- _WORK TASK_
Extract every line from the records below that contains the word "Baby".
━━ DATA RECORDS
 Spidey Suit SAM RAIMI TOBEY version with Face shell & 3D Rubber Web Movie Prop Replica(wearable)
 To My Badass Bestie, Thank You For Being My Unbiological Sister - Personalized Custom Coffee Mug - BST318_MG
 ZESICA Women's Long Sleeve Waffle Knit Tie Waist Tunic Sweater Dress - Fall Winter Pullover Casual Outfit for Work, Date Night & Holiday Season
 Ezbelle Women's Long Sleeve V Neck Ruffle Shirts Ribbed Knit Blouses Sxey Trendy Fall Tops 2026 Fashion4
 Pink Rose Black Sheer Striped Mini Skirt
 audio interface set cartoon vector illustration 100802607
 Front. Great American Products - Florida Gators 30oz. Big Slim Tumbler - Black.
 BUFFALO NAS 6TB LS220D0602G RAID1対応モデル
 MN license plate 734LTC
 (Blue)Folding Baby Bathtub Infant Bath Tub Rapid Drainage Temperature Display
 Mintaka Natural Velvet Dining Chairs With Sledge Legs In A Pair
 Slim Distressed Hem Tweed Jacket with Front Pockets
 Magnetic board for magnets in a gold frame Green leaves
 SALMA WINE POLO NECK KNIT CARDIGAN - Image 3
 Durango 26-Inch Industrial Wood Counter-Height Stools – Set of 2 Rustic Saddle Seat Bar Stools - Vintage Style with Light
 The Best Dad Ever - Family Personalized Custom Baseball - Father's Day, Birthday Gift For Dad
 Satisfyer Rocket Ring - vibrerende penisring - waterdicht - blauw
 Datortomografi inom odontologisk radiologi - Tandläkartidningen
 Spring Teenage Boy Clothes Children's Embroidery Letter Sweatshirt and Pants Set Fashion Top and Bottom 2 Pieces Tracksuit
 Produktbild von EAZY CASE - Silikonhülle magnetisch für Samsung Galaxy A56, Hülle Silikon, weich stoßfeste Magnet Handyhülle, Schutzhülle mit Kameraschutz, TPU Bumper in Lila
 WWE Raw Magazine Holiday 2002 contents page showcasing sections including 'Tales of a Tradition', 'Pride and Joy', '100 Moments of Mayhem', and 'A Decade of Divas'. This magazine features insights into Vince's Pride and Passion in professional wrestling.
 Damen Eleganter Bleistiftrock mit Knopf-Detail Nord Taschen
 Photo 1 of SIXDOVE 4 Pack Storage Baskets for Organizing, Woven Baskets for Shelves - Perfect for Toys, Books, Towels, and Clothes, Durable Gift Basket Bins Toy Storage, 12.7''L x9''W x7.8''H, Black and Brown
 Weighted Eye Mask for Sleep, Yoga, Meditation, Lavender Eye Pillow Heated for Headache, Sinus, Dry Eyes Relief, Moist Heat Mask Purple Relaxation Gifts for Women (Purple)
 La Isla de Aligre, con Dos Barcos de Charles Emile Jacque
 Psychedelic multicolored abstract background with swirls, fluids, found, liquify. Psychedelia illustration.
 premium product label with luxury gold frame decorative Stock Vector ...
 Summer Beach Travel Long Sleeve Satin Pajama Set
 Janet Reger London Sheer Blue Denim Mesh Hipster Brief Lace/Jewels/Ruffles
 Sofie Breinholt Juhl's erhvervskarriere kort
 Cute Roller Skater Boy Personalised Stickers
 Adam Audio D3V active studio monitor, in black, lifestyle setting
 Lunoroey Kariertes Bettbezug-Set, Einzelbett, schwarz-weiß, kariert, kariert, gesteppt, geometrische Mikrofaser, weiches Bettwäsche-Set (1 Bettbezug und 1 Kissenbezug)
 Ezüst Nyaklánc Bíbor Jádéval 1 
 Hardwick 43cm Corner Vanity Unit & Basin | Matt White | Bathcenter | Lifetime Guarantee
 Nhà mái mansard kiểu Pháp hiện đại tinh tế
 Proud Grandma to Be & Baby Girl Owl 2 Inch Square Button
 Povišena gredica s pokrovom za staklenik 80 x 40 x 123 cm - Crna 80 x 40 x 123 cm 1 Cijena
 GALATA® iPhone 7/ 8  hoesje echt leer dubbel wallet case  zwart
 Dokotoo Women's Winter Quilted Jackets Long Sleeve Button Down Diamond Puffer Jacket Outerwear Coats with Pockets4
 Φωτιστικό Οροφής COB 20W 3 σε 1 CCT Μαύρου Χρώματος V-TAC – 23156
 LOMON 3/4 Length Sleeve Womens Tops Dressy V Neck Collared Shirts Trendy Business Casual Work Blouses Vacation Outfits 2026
━━━━
- _WRITTEN ANSWER_
 (Blue)Folding Baby Bathtub Infant Bath Tub Rapid Drainage Temperature Display
 Proud Grandma to Be & Baby Girl Owl 2 Inch Square Button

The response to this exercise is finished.